SO I guess in a normal situation this is not a big deal for the buyer. Since they have their product and it works as advertised. But since the TiVos require service, the service gets deactivated.


----------



## lessd

aaronwt said:


> SO I guess in a normal situation this is not a big deal for the buyer. Since they have their product and it works as advertised. But since the TiVos require service, the service gets deactivated.


I don't think E-Bay has any guarantee on service, just the product itself, well over 10 years ago I purchased a Lifetime TiVo on E-Bay, got the unit, moved the TiVo into my account with no problem, gave the seller + review as all looked good. A few weeks later TiVo took the Lifetime away saying it was a Best Buy returned and the Lifetime service was for another customer. I had a big fight with TiVo over this (I used this TCF as part of the fight) and won, but this was a pain.


----------



## DeltaOne

aaronwt said:


> SO I guess in a normal situation this is not a big deal for the buyer. Since they have their product and it works as advertised. But since the TiVos require service, the service gets deactivated.


Yeah. Say you bought a drill (or anything that doesn't require service/activation) you'd just think you got a good deal.

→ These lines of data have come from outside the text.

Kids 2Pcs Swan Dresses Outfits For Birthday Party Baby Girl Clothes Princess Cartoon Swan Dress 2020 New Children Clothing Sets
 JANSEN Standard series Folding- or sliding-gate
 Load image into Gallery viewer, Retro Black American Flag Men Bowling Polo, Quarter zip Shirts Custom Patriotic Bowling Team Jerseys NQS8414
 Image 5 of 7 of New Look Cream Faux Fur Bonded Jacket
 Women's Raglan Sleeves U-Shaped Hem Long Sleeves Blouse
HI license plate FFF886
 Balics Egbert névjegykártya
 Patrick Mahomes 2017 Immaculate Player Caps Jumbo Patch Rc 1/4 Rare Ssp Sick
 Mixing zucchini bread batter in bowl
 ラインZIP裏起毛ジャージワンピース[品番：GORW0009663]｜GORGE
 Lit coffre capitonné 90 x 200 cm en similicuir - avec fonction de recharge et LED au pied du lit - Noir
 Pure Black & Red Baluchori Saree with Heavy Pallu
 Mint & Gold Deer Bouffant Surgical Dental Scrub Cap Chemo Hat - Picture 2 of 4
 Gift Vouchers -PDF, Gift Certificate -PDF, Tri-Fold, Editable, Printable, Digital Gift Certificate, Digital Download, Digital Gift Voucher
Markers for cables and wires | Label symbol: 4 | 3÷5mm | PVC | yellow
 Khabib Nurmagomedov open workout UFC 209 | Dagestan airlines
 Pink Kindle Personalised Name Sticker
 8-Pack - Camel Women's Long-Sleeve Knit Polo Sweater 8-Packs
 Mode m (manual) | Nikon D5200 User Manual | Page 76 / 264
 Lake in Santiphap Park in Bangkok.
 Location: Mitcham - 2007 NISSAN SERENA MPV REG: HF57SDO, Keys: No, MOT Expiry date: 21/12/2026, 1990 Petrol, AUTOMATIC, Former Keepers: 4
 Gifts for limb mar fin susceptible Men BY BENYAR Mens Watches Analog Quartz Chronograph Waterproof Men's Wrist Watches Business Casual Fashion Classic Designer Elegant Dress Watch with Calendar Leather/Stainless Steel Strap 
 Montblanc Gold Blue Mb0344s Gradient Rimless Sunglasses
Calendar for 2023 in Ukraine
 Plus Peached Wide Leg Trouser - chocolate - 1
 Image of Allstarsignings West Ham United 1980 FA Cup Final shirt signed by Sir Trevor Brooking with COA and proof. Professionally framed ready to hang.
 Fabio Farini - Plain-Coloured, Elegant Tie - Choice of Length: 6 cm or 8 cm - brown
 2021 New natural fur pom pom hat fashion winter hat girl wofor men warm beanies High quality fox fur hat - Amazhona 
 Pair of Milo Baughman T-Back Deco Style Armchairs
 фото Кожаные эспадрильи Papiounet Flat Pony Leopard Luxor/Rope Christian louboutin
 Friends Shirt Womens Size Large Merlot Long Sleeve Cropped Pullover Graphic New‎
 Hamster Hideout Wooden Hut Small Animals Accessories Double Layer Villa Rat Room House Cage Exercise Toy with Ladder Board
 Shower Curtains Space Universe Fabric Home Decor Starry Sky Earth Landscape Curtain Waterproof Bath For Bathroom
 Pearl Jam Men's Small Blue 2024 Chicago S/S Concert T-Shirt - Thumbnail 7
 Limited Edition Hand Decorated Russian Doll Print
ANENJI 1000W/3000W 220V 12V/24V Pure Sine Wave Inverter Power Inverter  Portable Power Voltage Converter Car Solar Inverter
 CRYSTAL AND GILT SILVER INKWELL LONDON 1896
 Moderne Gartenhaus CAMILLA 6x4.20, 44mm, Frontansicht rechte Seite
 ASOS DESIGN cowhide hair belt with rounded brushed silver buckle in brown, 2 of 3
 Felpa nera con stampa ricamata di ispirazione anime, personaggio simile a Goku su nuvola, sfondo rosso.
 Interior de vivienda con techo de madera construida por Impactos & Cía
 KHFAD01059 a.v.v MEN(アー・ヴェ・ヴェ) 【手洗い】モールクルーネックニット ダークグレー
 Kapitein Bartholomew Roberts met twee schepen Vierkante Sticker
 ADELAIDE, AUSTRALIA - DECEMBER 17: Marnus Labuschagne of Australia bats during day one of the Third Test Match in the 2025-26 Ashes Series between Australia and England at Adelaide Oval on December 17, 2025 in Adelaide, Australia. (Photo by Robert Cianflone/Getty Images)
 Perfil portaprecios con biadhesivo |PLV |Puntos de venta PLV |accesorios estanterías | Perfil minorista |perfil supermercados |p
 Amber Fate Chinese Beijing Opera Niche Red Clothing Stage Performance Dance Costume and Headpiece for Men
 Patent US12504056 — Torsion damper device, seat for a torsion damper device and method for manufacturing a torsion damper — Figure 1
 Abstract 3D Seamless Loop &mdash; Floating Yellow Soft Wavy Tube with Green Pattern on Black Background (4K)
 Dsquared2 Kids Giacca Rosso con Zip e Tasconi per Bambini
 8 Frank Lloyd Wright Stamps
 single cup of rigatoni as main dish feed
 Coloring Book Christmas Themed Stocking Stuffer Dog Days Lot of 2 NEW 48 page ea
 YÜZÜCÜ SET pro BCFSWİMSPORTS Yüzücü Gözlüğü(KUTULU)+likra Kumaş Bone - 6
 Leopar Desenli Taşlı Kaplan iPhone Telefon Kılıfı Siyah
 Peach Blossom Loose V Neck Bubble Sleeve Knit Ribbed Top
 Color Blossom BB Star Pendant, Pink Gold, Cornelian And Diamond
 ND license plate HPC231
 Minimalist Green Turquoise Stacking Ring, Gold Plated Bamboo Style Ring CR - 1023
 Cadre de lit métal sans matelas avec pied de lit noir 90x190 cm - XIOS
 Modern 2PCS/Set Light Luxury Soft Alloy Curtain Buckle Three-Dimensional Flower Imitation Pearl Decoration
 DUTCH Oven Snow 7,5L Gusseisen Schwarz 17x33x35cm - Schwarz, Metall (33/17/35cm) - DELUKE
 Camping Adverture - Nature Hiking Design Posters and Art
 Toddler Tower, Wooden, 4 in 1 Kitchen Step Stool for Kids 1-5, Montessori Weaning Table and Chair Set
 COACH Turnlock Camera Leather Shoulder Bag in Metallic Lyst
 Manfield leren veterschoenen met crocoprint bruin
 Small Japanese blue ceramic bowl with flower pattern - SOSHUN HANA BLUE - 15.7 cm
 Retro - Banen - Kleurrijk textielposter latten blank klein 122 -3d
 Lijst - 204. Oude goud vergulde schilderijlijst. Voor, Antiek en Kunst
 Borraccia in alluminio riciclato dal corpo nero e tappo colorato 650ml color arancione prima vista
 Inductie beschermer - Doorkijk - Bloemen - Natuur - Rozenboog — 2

Also explains how these scammers get good reviews...the buyers are happy!


----------



## HarperVision

DeltaOne said:


> Here's some good info on how the eBay scam worked. Written by Brian Krebs, former Washington Post reporter who now writes Krebs On Security, a nice web site for Internet security information and discussion: http://krebsonsecurity.com/2015/11/how-carders-can-use-ebay-as-a-virtual-atm/ He calls this a "triangulation fraud."





aaronwt said:


> SO I guess in a normal situation this is not a big deal for the buyer. Since they have their product and it works as advertised. But since the TiVos require service, the service gets deactivated.


Yeah this scam would be better for the end user if they'd have used Best Buy because the cc chargeback would've happened there, so TiVo would be none the wiser and wouldn't have cancelled service. I think that's what happened last time a similar scam made its way around here with the Roamios.


----------



## foghorn2

HarperVision said:


> Yeah this scam would be better for the end user if they'd have used Best Buy because the cc chargeback would've happened there, so TiVo would be none the wiser and wouldn't have cancelled service. I think that's what happened last time a similar scam made its way around here with the Roamios.


Hey you scammers, ship out of best buy the next time!!


----------



## HarperVision

foghorn2 said:


> Hey you scammers, ship out of best buy the next time!!


Exactly!


----------



## Xab

HarperVision said:


> Looks like I'll have a 1TB Bolt new in box available for $349 if anyone's interested?


Dave - just curious why you are getting rid of the Bolt?


----------



## HarperVision

Xab said:


> Dave - just curious why you are getting rid of the Bolt?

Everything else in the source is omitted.